21.07.26 – Fachgeschäft des Monats: „Steko Spielhaus“
„Kinder brauchen nicht viel Spielzeug, sondern gutes Spielzeug“
Mit ausgesuchten Holzspielwaren, einem eigenen Stecksystem und viel Beratung zeigen sich Thomas Seidel und seine Frau Cornelia in Gera als spezialisierter Fachhändler mit Haltung. Im Mittelpunkt von „Steko Spielhaus“ steht bewusst ausgewähltes Spielzeug.
Thomas Seidel ist gelernter Tischler. Dass er einmal ein Spielwarengeschäft führen würde, war nicht geplant. Gesundheitliche Probleme setzten seinem ursprünglichen Beruf jedoch ein Ende. In dieser Phase entstand die Idee, ein besonderes Stecksystem für Spielplätze zu entwickeln – robust, aus Holz, ohne Schrauben und so konstruiert, dass Kinder eigenständig bauen können.
Auf dieser Grundlage entstand 2003 zunächst ein eigenes Unternehmen, das das „Steko Spielhaus“-System an Kindergärten, Schulen und andere (soziale) Einrichtungen verkaufte. Das System ist für öffentliche Einrichtungen TÜV-geprüft und wurde im Eigenvertrieb vermarktet. Zwei große Aufträge gaben der jungen Firma damals den nötigen finanziellen Schub, um die Selbstständigkeit weiter auszubauen.
Vom Stecksystem zum Ladengeschäft
2008 ergab sich der nächste Schritt: In Chemnitz wurde ein Spielwarengeschäft für das Stadtzentrum gesucht. Thomas und Cornelia Seidel prüften die Chance sorgfältig – auch mit Blick auf regelmäßige, verlässlichere Einnahmen als Ergänzung zum Projektgeschäft mit dem Stecksystem. Im Dezember 2008 eröffneten sie in Chemnitz ihr erstes stationäres Fachgeschäft.
Fünf Jahre später fokussierte die Familie ihren Lebensmittelpunkt auf Gera. 2013 erfolgte der Umzug des Geschäfts dorthin. Heute sind Thomas Seidel als Inhaber und seine Frau die tragenden Säulen von „Steko Spielhaus“. Unterstützt werden sie von einer stundenweise beschäftigten Bürokraft.

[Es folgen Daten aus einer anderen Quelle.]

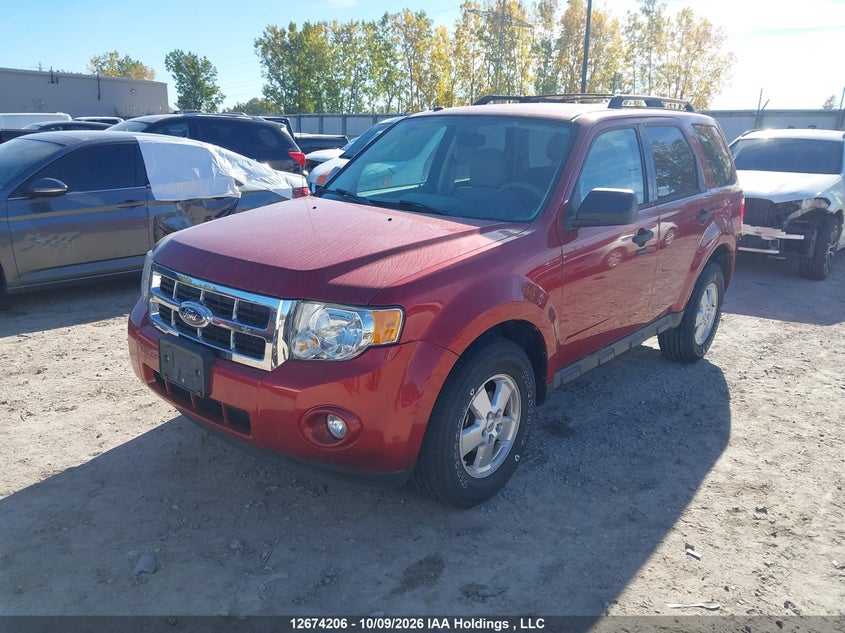 Vin: 1fmcu0d76ckb45685, lot: 3077715, ford escape xlt 20122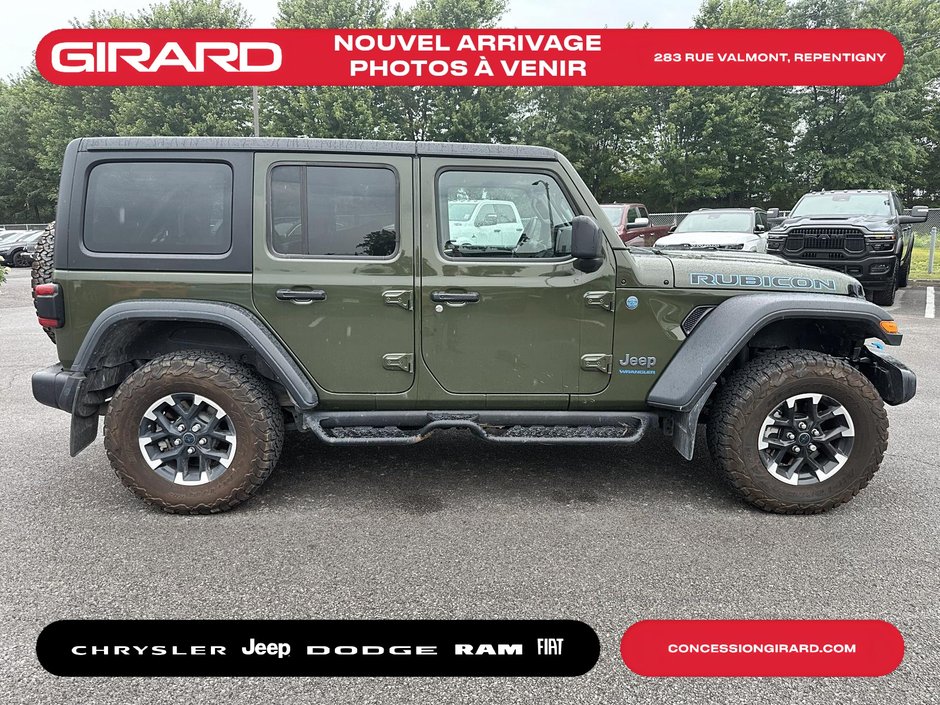 2024 Jeep Wrangler 4xe Rubicon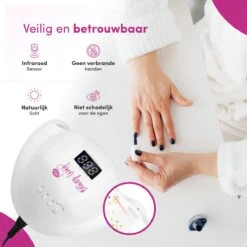 TheBeautyWay Nageldroger - Voor Gelnagels - Geschikt Voor Elke Nagel Gellak - 24 LEDs -Cosmetica Promotiewinkel 1200x1200 1141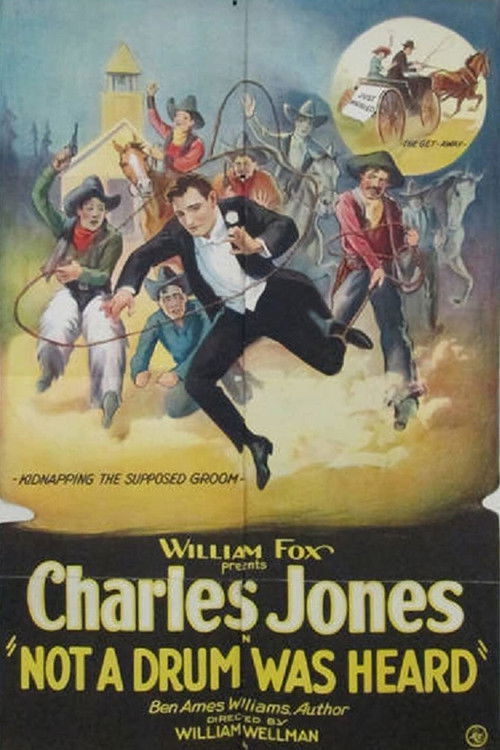 Not a Drum Was Heard (1924) poster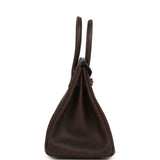 Hermes Birkin 30 Ebene Barenia Faubourg Gold Hardware - Thumbnail View 3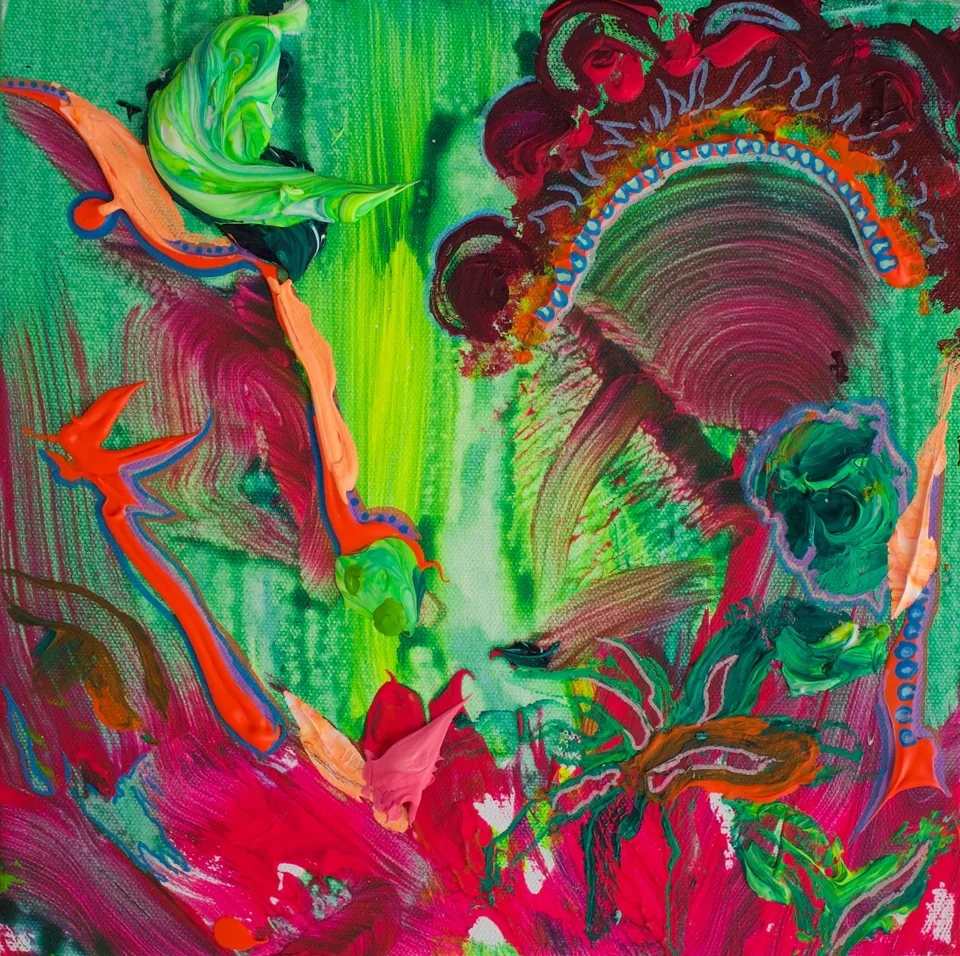 The Water is Green but it's Pretty by Caroline Stoughton
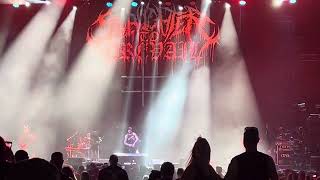 Slaughter To Prevail  Bratva LIVE at Talking Stick Resort Amphitheater 91024 [upl. by Accebar]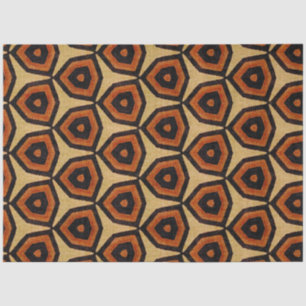 African Textile Decoupage Paper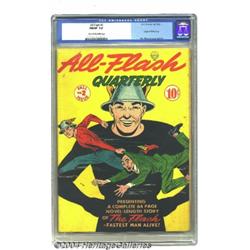 All-Flash #2 (DC, 1941) CGC FN/VF 7.0 Off-white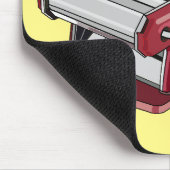 Tapis De Souris Illustration d'un fabricant de pâtes alimentaires (Coin)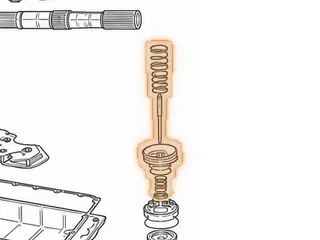Pin, RL4R01A/RE4R01A Overdrive Servo — Part # 73903
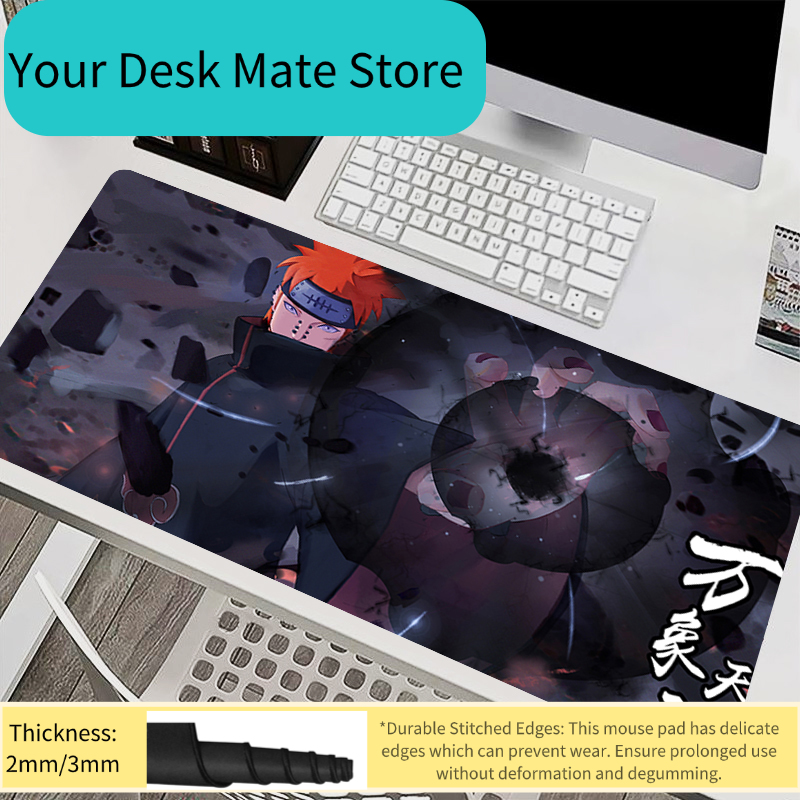 Mouse Pad PC Accessories Keybo - Pc Gaming Naruto 评论和价格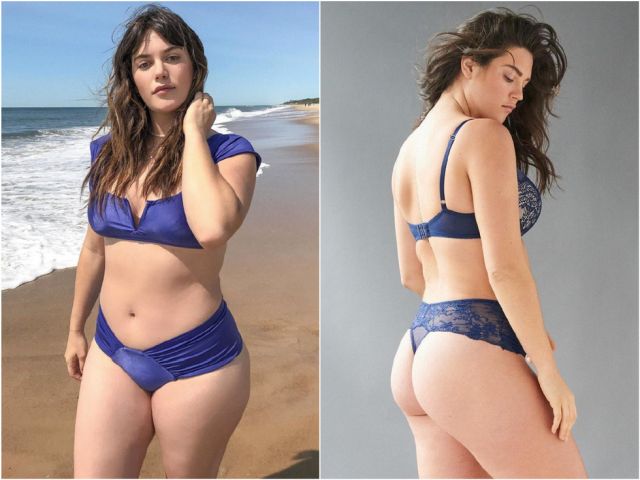 Эли Тейт Катлер - первая модель Victoria's Secret, у которой есть лишний вес Эли Тейт Катлер - первая модель Victoria's Secret, у которой есть лишний вес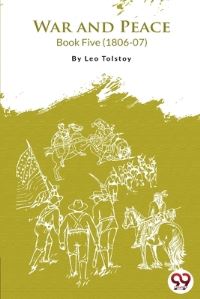 Book Cover for War and Peace Book 5 by Leo Tolstoy
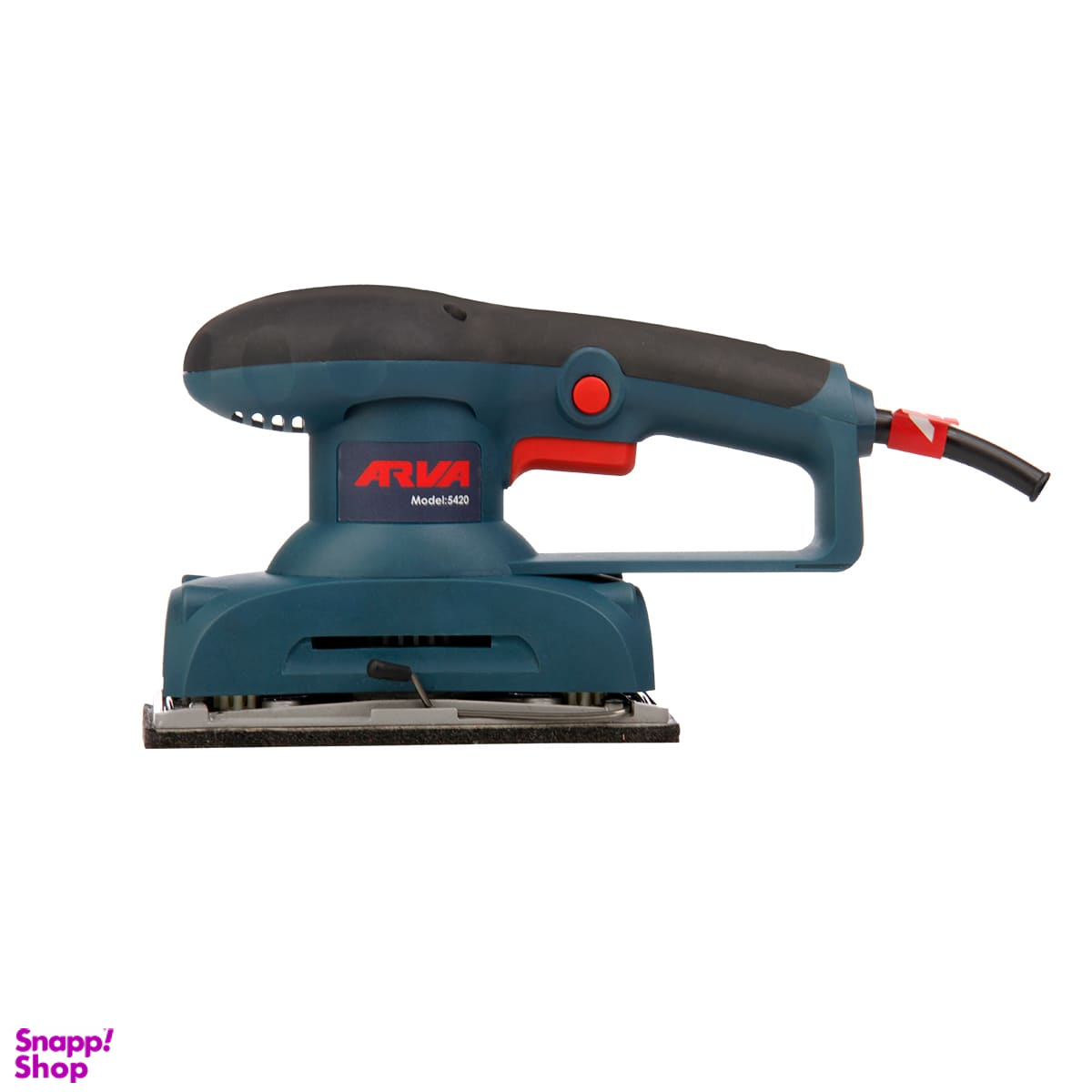 سنباده لرزان ۲۳۰ وات آروا مدل 5420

Konzentration auf Gera: Standort, Fläche, Einzugsgebiet
Das heutige „Steko Spielhaus“ verfügt über etwa 100 m² Verkaufsfläche. Der Laden liegt rund 50 m vom Markt entfernt, in einer Lage, die Thomas Seidel als zwischen 1b und 1c beschreibt. Parkplätze befinden sich nicht direkt vor der Tür, da es sich um eine Fußgängerzone handelt. Zum Be- und Entladen können Kunden jedoch in die Straße hineinfahren.
Die frühere Filiale in Chemnitz wurde im vergangenen Jahr im September geschlossen. Neben den wirtschaftlichen Rahmenbedingungen im stationären Handel spielte dabei auch eine Rolle, dass das Inhaber-Ehepaar nicht dauerhaft zwischen Gera und Chemnitz pendeln wollte.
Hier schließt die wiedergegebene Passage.